## Assigned task
Only the pictures should be dropped; every line of the data must come back exactly as written.

## Data extract
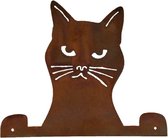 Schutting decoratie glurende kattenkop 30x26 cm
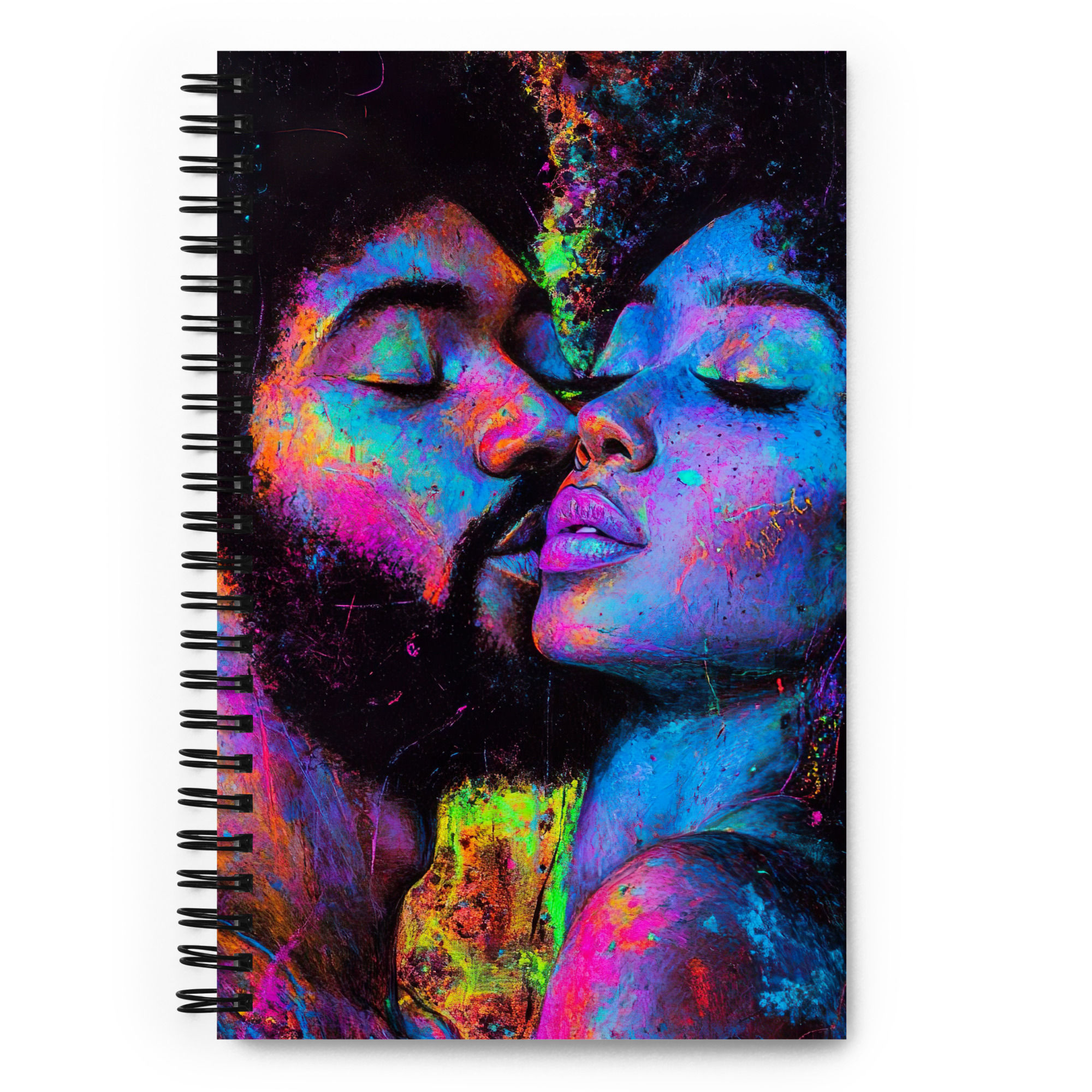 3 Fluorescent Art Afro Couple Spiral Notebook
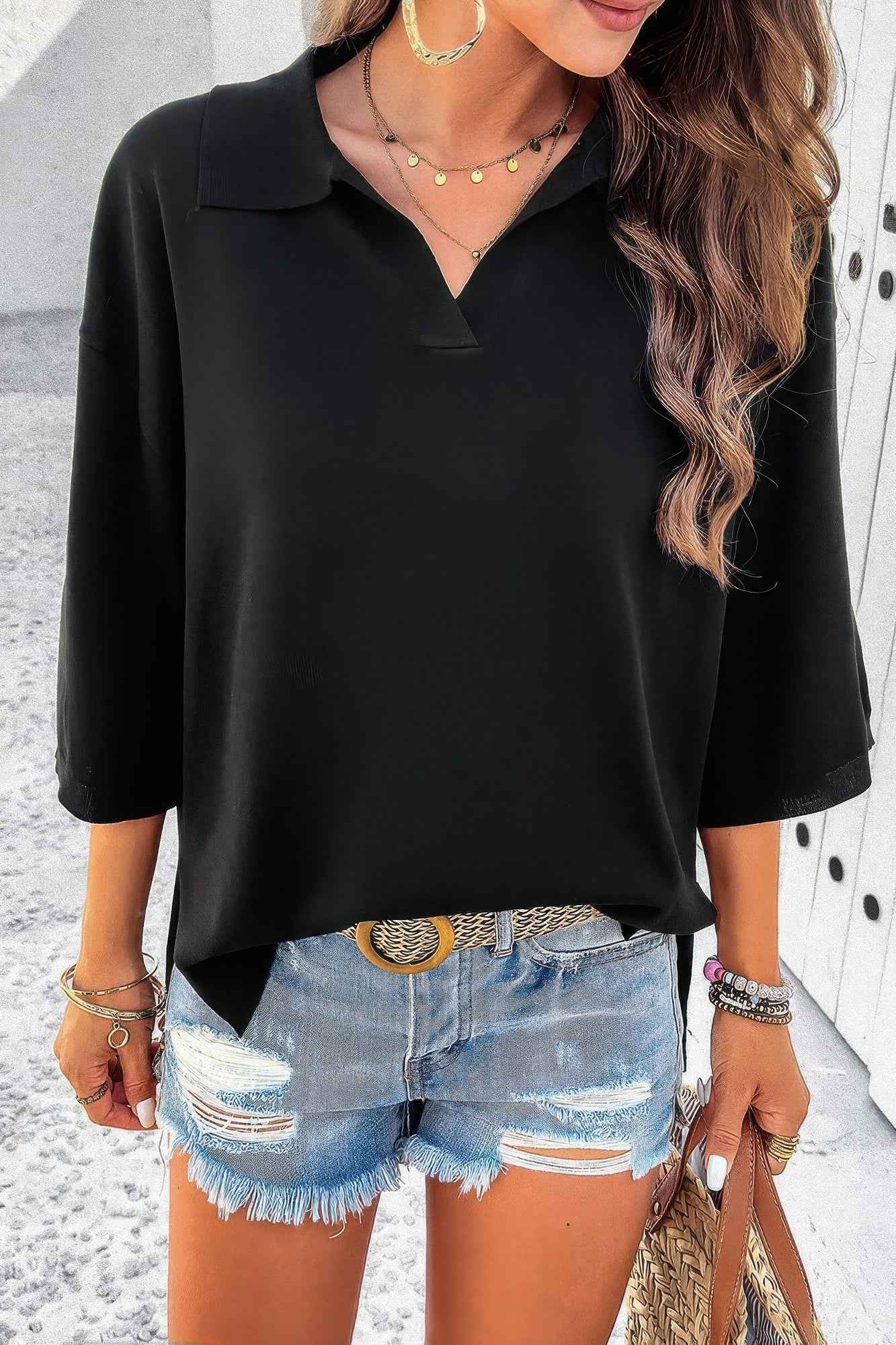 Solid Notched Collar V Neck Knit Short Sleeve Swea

## Exercise output
 Schutting decoratie glurende kattenkop 30x26 cm
 3 Fluorescent Art Afro Couple Spiral Notebook
 Solid Notched Collar V Neck Knit Short Sleeve Swea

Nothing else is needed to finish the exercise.